• _Action item_: Give again, exactly and only, the lines running from the one with "Plain Long Dress - Image 2" to the end of the material below; leave out pictures.

• _Collected data_:
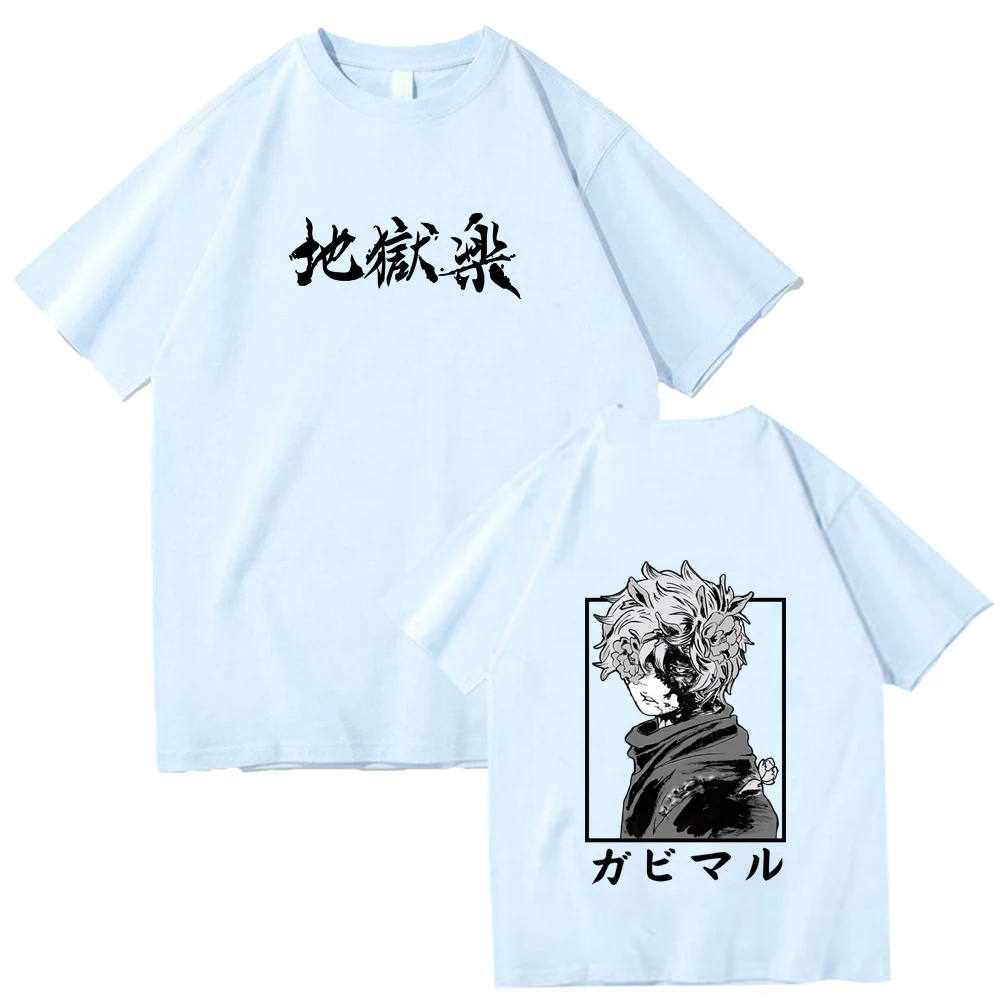 Anime Jigokuraku Hell's Paradise T Shirt Men Cartoon Tshirt Manga Summer Tops Unisex Tee Male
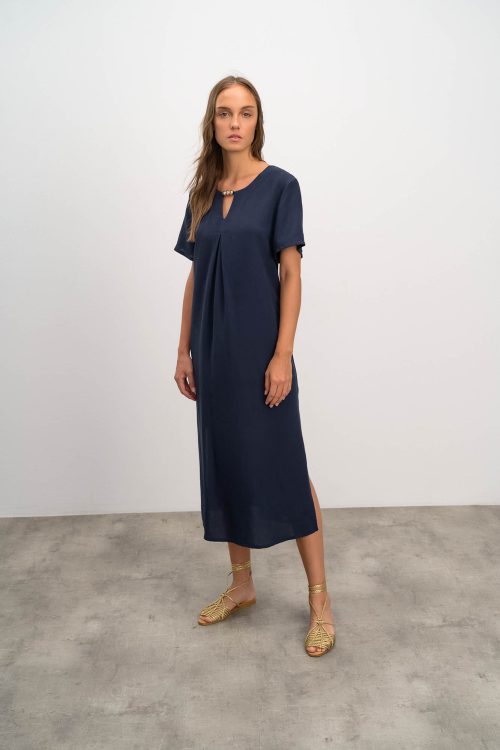Plain Long Dress - Image 2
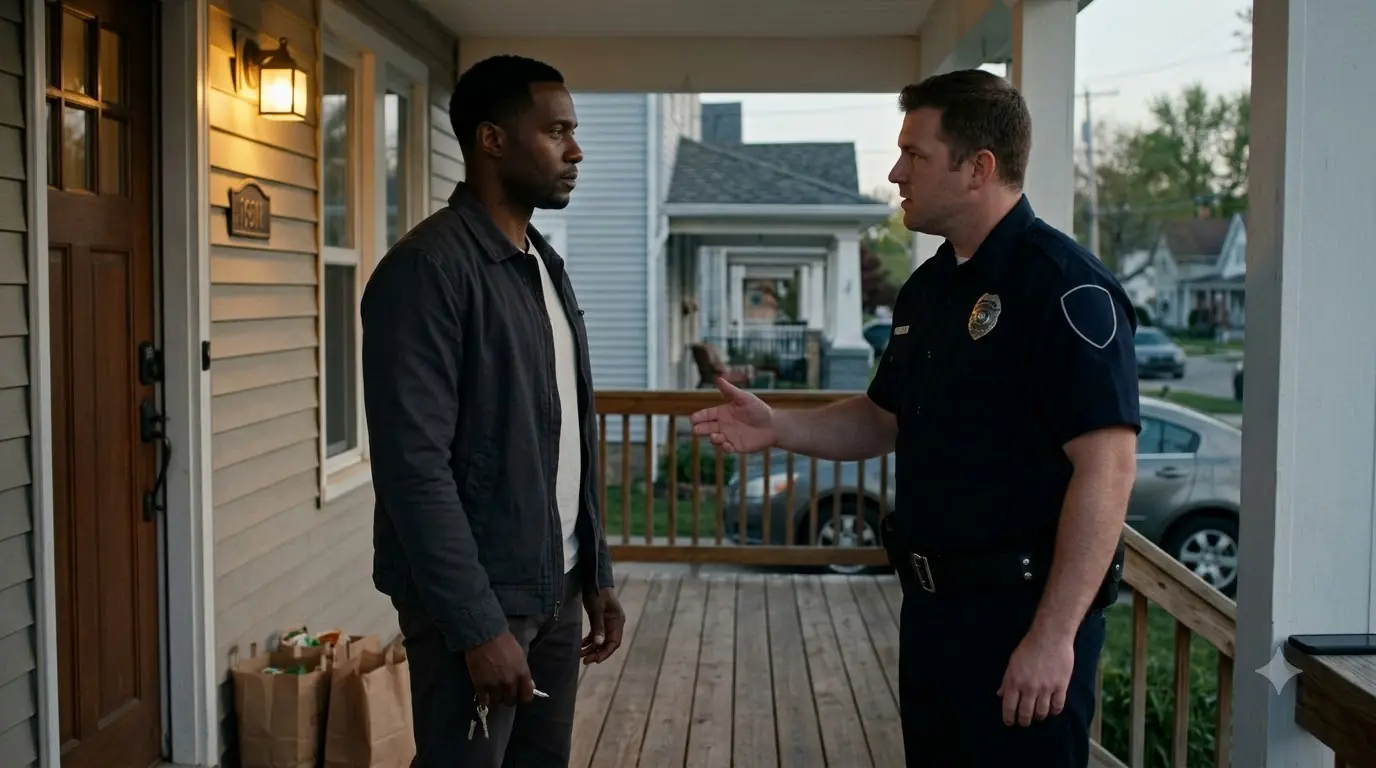 Officer Demands ID From A Man on His Own Porch — Then Went Pale When See His Badge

• _Answer area_:
Plain Long Dress - Image 2
 Officer Demands ID From A Man on His Own Porch — Then Went Pale When See His Badge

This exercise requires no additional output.